926. Flip String to Monotone Increasing | 1602
I can’t think of a correct way.
wrong answer:
1class Solution:
2 def minFlipsMonoIncr(self, s: str) -> int:
3 # 1 -> 0 from beginning
4 # 0 -> 1 from end
5 # 000110001 (answer should be 2)
6 # 000122223 ->
7 # 654333210 <-
8 # 543454323 nope
9
10 # first `1` and the last `0`?
11 # 000110001
12 # x y
13 # 3 zeros after x, 2 ones before y
14 # 010110
15 # x y
16 # 2 zeros after x, 3 ones before y
17 # 00011000
18 # x y
19 # 3 zeros after x, 2 ones before y
20
21 # wrong answer:
22 # 10011111110010111011 (should return 5)
23 # x y
24 # x12 34 5 6
25 # ..98765 4 321y
26 # 1 23 4 5
27
28 # wrong implementation:
29
30 first_one = s.find("1")
31 last_zero = s.rfind("0")
32
33 if first_one == -1 or last_zero == -1:
34 return 0
35
36 return min(Counter(s[first_one:])["0"], Counter(s[:last_zero])["1"])
O(n) greedy has deeper thoughts but the code is surprisingly light:
1class Solution:
2 def minFlipsMonoIncr(self, s: str) -> int:
3 # general idea:
4
5 # When you see a '1', do you ever need to flip it immediately to keep the prefix monotone increasing?
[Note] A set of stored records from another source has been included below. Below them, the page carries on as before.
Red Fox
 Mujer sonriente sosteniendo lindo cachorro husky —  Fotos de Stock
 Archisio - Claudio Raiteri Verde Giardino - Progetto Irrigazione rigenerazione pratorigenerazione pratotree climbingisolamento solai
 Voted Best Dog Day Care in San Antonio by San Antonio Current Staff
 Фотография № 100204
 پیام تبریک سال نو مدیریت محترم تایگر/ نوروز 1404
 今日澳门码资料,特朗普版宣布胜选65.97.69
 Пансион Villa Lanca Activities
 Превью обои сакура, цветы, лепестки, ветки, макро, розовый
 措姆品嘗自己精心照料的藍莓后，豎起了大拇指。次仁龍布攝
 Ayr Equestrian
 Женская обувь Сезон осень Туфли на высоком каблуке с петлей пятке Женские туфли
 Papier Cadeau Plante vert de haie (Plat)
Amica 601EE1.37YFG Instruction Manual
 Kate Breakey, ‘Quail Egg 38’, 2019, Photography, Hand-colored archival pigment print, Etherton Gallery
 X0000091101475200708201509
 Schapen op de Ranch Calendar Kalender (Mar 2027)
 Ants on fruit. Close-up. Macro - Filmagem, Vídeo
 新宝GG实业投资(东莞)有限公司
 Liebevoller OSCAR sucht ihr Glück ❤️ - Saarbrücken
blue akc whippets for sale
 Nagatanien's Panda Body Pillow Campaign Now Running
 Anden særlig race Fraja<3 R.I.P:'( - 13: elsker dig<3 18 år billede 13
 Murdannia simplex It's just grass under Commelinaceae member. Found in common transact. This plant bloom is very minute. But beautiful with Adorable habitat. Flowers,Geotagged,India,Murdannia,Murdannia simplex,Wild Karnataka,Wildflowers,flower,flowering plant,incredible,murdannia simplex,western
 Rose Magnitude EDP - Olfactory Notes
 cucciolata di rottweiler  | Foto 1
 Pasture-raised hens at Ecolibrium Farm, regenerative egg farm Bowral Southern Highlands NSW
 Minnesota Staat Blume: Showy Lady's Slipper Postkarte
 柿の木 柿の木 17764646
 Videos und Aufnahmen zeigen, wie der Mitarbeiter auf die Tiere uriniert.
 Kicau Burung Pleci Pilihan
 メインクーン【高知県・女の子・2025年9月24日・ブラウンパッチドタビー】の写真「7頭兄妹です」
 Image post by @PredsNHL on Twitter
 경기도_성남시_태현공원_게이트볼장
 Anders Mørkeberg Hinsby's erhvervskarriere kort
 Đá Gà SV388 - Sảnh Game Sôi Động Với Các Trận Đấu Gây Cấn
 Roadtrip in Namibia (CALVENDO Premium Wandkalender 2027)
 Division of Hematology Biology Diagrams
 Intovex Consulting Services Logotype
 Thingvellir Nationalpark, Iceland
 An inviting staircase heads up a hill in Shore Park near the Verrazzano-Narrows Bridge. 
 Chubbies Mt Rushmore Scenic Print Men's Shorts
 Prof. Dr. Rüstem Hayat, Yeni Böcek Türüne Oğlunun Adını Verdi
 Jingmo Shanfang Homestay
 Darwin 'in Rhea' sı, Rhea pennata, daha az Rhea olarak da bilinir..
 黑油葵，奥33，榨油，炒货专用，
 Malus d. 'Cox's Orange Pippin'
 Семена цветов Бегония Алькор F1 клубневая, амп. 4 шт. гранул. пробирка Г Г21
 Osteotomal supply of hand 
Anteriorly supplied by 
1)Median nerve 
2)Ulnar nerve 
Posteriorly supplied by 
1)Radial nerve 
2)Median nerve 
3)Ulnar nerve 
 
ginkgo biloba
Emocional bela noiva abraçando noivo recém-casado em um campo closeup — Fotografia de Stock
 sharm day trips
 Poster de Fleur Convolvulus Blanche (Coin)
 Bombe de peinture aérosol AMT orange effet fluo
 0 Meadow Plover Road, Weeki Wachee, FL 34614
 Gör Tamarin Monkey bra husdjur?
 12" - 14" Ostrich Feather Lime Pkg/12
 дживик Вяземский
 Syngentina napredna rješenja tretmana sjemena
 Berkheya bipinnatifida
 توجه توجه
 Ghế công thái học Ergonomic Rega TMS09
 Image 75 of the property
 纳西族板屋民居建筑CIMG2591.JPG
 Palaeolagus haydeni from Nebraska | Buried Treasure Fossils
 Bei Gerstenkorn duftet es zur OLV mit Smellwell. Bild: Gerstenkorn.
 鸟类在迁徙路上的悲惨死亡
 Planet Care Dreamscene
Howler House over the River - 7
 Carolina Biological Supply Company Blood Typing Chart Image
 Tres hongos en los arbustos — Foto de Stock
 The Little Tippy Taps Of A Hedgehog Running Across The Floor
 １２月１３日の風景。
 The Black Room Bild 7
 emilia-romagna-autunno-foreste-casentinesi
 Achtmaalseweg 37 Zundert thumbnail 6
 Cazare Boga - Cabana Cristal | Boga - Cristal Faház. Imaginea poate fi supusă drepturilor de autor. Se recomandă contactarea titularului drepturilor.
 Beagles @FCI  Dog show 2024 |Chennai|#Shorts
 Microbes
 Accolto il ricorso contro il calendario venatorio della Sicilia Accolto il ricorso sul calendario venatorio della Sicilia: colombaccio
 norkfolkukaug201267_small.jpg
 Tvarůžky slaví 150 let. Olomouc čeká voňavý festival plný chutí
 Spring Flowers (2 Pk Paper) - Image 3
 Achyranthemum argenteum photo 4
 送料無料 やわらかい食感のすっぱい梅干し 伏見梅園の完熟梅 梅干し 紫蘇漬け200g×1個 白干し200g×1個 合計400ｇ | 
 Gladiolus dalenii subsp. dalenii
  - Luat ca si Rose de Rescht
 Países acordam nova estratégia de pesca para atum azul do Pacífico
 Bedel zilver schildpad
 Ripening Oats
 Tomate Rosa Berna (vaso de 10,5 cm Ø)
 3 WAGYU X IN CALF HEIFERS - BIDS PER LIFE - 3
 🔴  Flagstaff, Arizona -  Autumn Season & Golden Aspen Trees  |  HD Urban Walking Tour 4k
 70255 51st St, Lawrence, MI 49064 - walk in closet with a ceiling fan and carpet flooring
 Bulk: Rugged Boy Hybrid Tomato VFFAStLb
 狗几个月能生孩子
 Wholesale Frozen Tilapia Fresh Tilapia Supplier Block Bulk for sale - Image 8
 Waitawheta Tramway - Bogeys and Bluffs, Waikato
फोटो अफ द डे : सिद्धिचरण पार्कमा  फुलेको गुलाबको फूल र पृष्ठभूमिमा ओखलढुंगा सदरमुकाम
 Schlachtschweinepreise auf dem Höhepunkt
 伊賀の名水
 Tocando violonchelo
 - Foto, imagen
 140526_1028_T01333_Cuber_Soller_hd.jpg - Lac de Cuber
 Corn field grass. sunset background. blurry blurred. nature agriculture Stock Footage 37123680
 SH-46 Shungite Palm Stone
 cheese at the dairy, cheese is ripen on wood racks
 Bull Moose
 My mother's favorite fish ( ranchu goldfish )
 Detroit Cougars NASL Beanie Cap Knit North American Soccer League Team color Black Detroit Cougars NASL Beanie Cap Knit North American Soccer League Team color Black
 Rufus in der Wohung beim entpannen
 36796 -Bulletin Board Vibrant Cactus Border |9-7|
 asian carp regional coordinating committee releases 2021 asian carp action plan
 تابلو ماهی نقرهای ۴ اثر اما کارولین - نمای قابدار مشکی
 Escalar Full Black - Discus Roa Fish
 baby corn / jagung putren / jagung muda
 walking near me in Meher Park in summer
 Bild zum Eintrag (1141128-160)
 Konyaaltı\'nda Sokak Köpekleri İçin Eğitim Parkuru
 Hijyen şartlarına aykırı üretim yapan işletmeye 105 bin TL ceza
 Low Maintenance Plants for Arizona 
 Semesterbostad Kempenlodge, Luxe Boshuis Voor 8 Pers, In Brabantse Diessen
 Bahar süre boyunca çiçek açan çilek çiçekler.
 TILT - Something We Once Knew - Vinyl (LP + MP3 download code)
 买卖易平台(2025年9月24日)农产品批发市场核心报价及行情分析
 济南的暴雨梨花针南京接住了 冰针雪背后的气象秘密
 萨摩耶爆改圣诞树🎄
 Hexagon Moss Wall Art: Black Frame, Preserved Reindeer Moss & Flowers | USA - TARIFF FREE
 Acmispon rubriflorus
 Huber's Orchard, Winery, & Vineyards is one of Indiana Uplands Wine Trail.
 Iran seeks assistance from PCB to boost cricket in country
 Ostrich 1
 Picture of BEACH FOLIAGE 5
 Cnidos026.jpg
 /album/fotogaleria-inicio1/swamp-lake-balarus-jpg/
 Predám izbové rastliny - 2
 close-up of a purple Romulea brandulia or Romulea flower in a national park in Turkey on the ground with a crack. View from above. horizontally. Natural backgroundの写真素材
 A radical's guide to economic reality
Why or why not?
6
7 # suppose you encounter a '0' after you've already seen some '1's. To keep the prefix monotone, you have two choices—what are they, and what’s the cost of each in terms of `ones` and `flips` so far?
8
9 # result:
10 # when you see a '0': flips = min(flips+1, ones)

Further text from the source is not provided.